Get out of town: Living in a non-central college

Features Student Life

“Ohh, interesting… that’s quite far out, isn’t it?” – The automatic response of any high street collegiate in the textbook exchange of introductory questions. One repressed eye-roll later and I find myself speaking in defence of my humble, radically modern home, St Hilda’s, perched on the river across Magdalen Bridge (that’s right, Cowley country). Yes, I have to cycle to all my lectures. No, I can’t fall out of my bed and into exam schools at the end of Trinity. And yes, I do have to get a taxi home from Park End (or, you know, avoid going entirely). But there is also something special about living in a college outside the centre – and it’s not just the reduced likelihood of being taken out by a selfie-stick in my own college, or my hangover-ridden face non-consensually featuring in several dozen Instagram stories.

There is, unarguably, a snobbery about colleges.
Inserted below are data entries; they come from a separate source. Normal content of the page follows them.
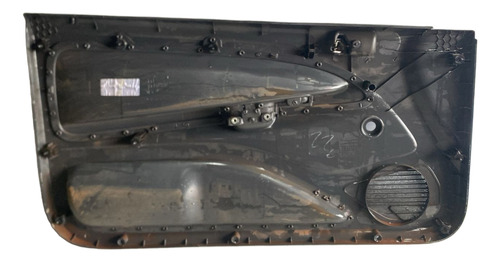 Forro Porta Dir. Saveiro 2011 A 2013 Vidro Manual Orig Usada - Imagem 2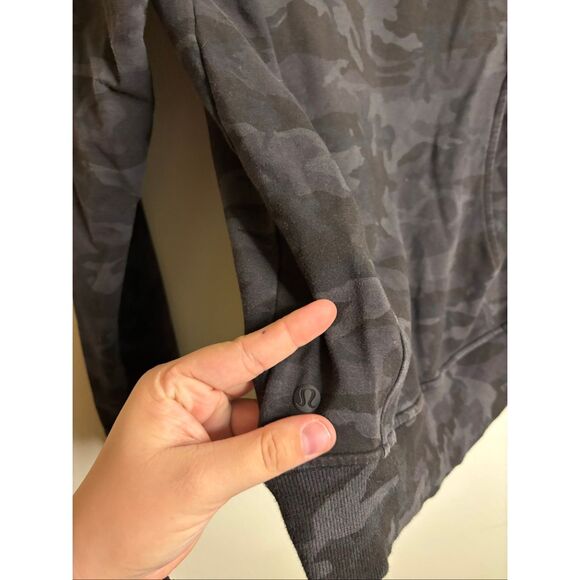 Lululemon Scuba Hoodie - Picture 7 of 7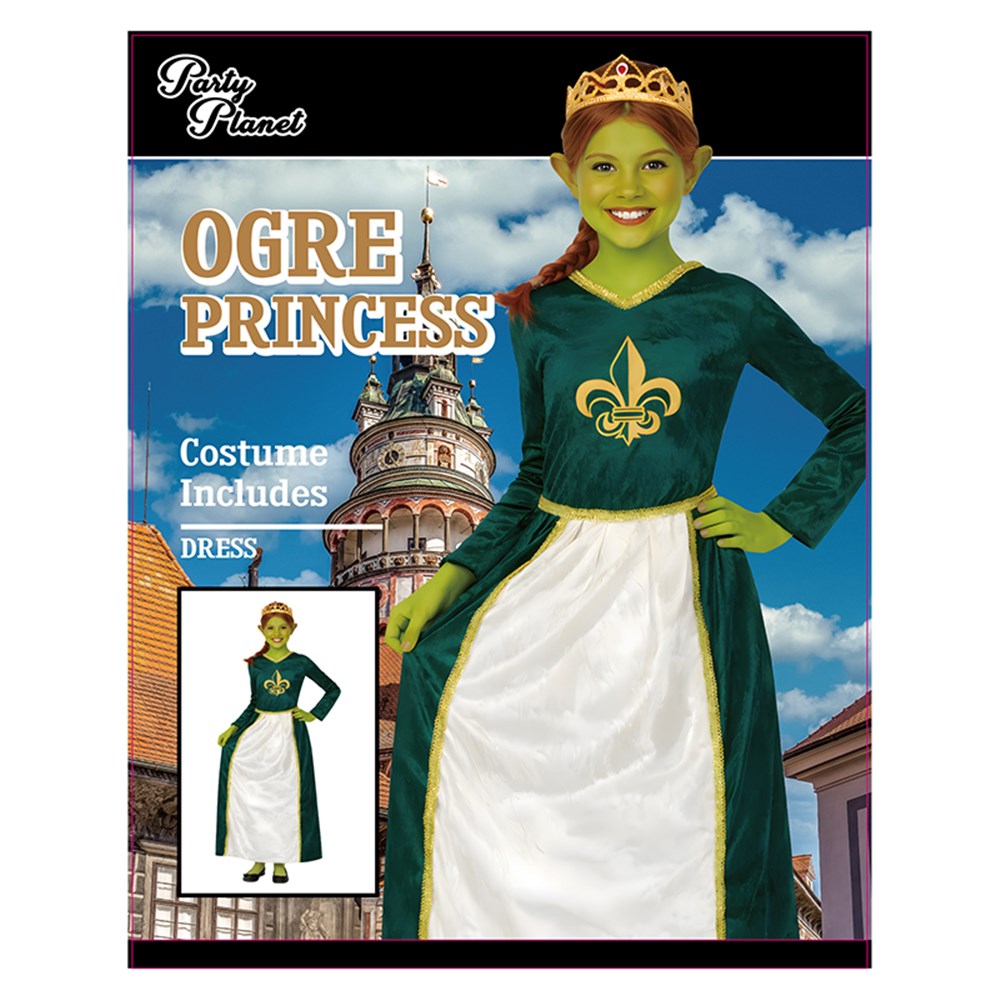 OGRE PRINCESS XXL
The perceived hierarchy is founded on more than location – history, wealth, number of awful prime ministers – but it does play a large role; central colleges like Queen’s and Trinity are, simply, more visible, more readily accessible and, as a general rule, older and therefore more established than most of the “peripheral” colleges. It is easy, especially when first arriving in Oxford, to harbour a kind of college-envy about these things. And there are tangible downsides; there is a sense, for instance, that it’s harder to establish friendships outside of college; neighbours are sparse. You’re more likely to bump into people you know on your way home down Turl Street than at the infernal roundabout over Magdalen Bridge. And a Balliolite persuaded to make the 15-minute walk to your obscure peasant-college? Unheard of, about as morally defensible as passing Hassan’s on the way to Houssain’s. Hearing the inevitable “Is it even a real College though” is going to make your heart sink a little.

“There is, unarguably, a snobbery about colleges. The perceived hierarchy is founded on more than location – history, wealth, number of awful prime ministers – but it does play a large role”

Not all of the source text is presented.